Killer Elevator Pitches Are Out to Get Us

In this post, I continue my interview with Pat Weber* Business Coach for Introverts and Shy who discusses her ideas about what makes for good and bad elevator pitches.  For my take on elevator speeches follow this link to where Pat interviewed me. To learn more about how Pat and I began our collaboration on LinkedIn, tune in to our discussion on Free Webinar Wednesdays: “Success Stories From the Trenches.”

Why do people often sound, and actually say, they are unprepared with their introduction?

"Patricia Weber"

Patricia Weber

[tweetmeme]Even when someone says, just take 30 or 60 seconds to tell us about you, most people are unfocused and tend to ramble. About 75 to 100 words gives a person that 30 seconds. Double it for 60 seconds. People don’t even seem to have one variation let alone 6 or 7 focused variations roll off their tongue.  What’s so difficult about preparing? It’s professional, respectful and much more magnetizing.

And that elevator pitch that has no end to it’s up, or down? We’ve all either done this at one time, before we learned better, or we’ve all heard it!  It’s the person who even after that friendly buzzer or Feng Shui type of chime, keeps droning on to fit in that one more thing about them, their company, their service, something special. Push the STOP button, please.

Why DO people admit they are unprepared?

Worst offenders for me are people who are attending a networking meeting and likely know they will need to introduce themselves and say something like, “I’m not fully prepared with my introduction but I’ll start with…” Do us all a favor and just sit down. Say, “pass.” This is one of the lamest excuses and totally shows either disrespect, lack of preparation and – there goes that first impression.

I notice few people look at me when giving their pitch. Is eye contact passé?
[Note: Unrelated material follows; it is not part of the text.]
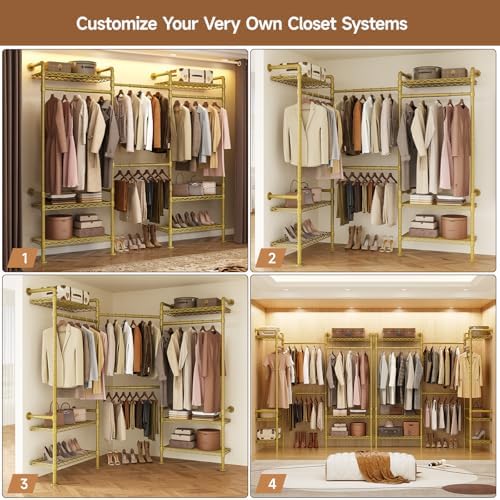 3-Bay Industrial Pipe Closet System, Wall Mounted Garment Racks, Gold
This irritates me to no end. People either look down at – nothing! Or they look all around the room never landing their eyes on anyone. I think it comes from not understanding effective public speaking. I encourage people to do what I learned starting as a sales manager speaking to my team: give your audience the attention they deserve by looking at each person, in the eyes, about 10 seconds at a time before you move to the next person. Those 10 seconds is usually a phrase or thought – you DON’T need a timer!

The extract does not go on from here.